Mme Alphonsine H. n'a pas plus pu se convaincre au travers de l'attestation d'huissier de justice, de ce qu'elle était gagnante alors que ce document a pour unique but de préciser que le numéro désigné gagnant est le 264992, sans qu'aucun lien soit fait entre ce numéro et celui qui lui était attribué.

L'intimée était au contraire informée par la lettre du 4 octobre 2016 de ce que le numéro qui lui avait été attribué, figurant sur le formulaire d'enregistrement, était le 729510. Elle ne peut soutenir n'avoir pas eu connaissance de ce numéro personnel, dans la mesure où il était mentionné sur le bon de commande qu'elle affirme avoir retourné à la SA Afibel pour valider sa participation au tirage.

Il doit en conséquence être retenu que la SA Afibel ne s'est pas livrée à une pratique déloyale, en ce que l'intimée était en mesure, au travers d'une lecture normalement attentive de l'ensemble des documents qui lui ont été remis, de se convaincre qu'elle n'était pas automatiquement titulaire du numéro gagnant, qu'il existait un aléa, de sorte que la SA Afibel ne s'est pas engagée sans condition à lui verser la somme de 10 000 €, mais l'invitait à participer à un tirage au sort.

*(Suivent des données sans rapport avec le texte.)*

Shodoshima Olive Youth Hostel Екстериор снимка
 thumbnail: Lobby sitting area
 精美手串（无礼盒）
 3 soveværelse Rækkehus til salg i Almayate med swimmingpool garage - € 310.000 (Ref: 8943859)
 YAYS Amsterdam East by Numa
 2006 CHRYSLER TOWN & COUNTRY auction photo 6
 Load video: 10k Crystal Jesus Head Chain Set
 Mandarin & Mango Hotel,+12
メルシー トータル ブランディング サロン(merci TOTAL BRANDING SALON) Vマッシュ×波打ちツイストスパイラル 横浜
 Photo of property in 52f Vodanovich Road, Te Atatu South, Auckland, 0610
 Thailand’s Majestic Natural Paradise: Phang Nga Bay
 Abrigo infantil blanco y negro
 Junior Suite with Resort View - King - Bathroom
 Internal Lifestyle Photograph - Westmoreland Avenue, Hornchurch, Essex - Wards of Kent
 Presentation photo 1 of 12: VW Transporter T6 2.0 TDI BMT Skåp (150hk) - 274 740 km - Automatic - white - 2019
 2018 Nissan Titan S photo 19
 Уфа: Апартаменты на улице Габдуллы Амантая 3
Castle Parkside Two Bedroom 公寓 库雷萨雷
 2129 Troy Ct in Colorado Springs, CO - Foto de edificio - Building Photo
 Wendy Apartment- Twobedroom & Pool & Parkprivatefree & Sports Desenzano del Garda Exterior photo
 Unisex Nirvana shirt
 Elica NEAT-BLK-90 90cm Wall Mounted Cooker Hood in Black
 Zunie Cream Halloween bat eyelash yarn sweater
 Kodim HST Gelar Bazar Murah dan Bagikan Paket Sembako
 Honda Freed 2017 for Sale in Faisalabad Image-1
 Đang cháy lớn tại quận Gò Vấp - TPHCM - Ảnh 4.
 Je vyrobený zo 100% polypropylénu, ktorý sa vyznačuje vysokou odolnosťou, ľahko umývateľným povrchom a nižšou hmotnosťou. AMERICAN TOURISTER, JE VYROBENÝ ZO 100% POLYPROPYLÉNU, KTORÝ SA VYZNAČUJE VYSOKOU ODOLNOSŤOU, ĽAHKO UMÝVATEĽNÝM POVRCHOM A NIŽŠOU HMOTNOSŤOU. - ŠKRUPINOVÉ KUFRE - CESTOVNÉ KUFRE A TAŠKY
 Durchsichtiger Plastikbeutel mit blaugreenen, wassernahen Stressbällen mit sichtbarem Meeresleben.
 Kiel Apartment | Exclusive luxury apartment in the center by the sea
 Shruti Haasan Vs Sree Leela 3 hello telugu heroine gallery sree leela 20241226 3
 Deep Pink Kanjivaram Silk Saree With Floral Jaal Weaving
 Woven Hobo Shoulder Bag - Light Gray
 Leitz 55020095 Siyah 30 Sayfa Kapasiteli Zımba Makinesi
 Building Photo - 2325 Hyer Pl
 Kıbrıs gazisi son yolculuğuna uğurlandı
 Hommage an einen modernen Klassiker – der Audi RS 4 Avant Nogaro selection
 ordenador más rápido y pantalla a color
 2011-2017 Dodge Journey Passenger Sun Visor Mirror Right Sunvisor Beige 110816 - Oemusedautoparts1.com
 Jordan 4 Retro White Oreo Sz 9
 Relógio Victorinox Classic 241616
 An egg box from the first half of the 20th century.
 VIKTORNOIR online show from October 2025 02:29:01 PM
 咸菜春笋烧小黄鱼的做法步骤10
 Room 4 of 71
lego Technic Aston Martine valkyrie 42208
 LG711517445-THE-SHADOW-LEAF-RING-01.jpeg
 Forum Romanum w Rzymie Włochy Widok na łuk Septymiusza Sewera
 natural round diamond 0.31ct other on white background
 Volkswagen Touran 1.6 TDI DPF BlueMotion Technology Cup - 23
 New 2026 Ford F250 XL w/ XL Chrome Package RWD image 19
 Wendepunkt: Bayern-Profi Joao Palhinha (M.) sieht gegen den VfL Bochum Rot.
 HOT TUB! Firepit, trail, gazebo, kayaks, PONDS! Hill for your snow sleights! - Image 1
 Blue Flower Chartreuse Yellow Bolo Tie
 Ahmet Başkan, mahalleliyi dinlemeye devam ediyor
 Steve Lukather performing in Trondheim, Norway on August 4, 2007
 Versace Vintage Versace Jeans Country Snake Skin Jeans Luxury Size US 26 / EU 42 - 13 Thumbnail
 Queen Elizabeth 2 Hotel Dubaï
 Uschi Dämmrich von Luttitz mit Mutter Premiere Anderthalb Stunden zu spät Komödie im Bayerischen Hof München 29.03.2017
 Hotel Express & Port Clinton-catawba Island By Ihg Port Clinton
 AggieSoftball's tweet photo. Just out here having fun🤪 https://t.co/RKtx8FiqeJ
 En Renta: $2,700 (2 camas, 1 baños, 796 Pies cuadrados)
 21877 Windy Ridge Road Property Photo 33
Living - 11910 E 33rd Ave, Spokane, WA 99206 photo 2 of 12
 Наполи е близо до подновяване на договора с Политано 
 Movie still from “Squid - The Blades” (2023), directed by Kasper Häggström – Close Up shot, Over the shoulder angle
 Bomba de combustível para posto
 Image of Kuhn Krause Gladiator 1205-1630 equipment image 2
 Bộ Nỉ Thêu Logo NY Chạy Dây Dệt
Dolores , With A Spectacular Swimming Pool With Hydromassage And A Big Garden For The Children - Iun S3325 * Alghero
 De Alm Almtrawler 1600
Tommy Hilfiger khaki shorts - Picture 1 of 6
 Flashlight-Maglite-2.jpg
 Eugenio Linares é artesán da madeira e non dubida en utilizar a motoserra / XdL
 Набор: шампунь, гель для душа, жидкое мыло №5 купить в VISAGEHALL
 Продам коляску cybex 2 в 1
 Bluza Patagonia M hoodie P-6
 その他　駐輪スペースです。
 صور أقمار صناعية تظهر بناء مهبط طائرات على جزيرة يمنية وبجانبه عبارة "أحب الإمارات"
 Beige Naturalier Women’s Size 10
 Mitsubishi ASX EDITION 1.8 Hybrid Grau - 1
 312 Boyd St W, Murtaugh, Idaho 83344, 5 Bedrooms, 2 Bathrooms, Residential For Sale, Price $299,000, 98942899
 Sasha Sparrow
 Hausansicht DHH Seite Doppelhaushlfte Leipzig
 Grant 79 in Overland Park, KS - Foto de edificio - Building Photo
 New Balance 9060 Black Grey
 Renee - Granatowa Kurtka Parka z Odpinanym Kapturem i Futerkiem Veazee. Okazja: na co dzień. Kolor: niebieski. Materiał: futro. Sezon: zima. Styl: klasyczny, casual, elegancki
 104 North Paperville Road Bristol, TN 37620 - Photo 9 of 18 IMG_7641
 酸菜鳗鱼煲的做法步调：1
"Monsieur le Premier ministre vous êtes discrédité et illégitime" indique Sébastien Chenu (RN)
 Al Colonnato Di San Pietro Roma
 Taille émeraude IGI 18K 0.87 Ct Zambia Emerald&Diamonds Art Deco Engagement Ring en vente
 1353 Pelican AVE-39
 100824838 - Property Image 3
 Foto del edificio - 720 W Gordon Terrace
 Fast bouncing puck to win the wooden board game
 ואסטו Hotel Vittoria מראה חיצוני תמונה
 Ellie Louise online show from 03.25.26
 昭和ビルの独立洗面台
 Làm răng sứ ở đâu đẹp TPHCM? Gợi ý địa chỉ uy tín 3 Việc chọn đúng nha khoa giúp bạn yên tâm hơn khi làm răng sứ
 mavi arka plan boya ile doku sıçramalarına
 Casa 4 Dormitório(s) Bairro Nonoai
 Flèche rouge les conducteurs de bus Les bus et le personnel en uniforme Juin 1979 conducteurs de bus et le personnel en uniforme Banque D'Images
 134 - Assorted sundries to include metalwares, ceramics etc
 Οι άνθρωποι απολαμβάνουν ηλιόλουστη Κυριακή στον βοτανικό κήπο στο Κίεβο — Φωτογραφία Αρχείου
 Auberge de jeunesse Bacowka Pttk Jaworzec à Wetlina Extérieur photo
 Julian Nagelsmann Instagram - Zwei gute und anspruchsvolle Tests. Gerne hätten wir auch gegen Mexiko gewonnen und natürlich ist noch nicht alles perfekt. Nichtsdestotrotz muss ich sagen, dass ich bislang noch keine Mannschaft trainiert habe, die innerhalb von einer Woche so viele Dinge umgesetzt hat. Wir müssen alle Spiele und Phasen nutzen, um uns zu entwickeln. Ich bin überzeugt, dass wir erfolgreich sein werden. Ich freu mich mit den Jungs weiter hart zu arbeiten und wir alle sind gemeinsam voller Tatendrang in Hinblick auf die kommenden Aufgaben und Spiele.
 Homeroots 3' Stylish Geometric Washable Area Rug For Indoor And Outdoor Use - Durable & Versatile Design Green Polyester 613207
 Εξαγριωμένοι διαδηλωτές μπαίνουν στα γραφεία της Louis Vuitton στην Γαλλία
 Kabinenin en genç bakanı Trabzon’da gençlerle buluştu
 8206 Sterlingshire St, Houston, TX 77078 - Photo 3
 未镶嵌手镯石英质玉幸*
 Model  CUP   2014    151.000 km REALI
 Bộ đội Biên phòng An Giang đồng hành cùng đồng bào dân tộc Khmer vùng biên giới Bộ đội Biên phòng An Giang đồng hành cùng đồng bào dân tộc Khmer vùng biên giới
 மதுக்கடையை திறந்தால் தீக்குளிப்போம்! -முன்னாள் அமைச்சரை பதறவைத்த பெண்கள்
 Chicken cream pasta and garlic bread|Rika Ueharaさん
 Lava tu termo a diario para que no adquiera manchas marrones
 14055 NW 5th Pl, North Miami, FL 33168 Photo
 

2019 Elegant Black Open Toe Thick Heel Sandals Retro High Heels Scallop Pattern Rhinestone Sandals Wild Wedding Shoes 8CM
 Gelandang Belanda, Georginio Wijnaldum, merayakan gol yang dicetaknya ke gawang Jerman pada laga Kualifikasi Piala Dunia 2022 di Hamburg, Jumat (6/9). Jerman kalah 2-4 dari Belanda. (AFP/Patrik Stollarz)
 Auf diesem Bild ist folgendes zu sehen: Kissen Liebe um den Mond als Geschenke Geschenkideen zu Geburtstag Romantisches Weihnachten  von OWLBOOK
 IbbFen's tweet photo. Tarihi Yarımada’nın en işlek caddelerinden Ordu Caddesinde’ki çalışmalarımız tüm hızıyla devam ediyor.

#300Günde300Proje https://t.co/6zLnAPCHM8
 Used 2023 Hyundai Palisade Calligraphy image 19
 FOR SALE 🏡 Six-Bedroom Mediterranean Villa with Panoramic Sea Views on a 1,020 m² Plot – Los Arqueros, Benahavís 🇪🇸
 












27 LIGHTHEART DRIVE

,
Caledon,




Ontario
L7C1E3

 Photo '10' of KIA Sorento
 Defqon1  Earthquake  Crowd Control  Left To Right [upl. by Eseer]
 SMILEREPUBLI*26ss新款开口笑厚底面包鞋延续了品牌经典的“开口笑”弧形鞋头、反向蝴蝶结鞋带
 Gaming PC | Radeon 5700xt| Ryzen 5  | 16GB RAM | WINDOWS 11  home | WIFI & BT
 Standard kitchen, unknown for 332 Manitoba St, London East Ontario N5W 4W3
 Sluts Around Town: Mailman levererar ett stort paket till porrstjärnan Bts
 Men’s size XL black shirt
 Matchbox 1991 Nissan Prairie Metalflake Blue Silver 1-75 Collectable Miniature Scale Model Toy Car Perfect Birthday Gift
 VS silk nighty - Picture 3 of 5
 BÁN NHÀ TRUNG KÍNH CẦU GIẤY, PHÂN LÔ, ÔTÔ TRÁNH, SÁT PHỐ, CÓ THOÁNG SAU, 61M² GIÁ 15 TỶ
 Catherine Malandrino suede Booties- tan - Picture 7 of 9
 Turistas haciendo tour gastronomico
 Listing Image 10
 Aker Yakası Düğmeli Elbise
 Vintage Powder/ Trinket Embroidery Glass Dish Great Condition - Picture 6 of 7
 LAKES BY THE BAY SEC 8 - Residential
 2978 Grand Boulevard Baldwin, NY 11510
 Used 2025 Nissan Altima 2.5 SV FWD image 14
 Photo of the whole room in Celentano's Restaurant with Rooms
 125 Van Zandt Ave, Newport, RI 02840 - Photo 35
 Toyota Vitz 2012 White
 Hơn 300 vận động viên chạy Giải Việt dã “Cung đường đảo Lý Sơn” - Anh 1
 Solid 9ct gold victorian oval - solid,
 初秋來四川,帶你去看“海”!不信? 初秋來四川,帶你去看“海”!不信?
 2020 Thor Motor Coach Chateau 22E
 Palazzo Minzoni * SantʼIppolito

Le jugement déféré sera en conséquence infirmé en ce qu'il a fait droit à la demande de Mme Alphonsine H. portant sur le paiement du gain de 10 000 €, alors que son numéro n'a pas été désigné par le sort comme numéro gagnant et qu'elle n'a pas été gagnante du second tirage au sort effectué à la suite de la non-validation par la titulaire du numéro gagnant de son formulaire d'enregistrement.

Sur les frais et dépens :

Les dispositions du jugement déféré quant aux frais et dépens seront infirmées, sauf en ce que la demande de la SA Afibel fondée sur l'article 700 du Code de procédure civile a été rejetée.

Succombant en la procédure, Mme Alphonsine H. sera condamnée aux dépens de première instance et d'appel et sera déboutée de sa demande fondée sur l'article 700 du Code de procédure civile.

L'équité commande qu'il ne soit pas fait application des dispositions de l'article 700 du Code de procédure civile au bénéfice de la SA Afibel.

Par ces motifs LA COUR, Statuant publiquement et contradictoirement, Infirme le jugement déféré, sauf en ce qu'il a rejeté la demande de la SA Afibel fondée sur l'article 700 du Code de procédure civile, Statuant à nouveau, Déboute Mme Alphonsine H. de sa demande tendant au paiement de la somme de 10 000 € dix mille euros , Déboute Mme Alphonsine H. de sa demande fondée sur l'article 700 du Code de procédure civile, Condamne Mme Alphonsine H. aux dépens de première instance, Y ajoutant, Rejette les demandes fondées sur l'article 700 du Code de procédure civile pour la procédure d'appel, Condamne Mme Alphonsine H. aux dépens de la procédure d'appel.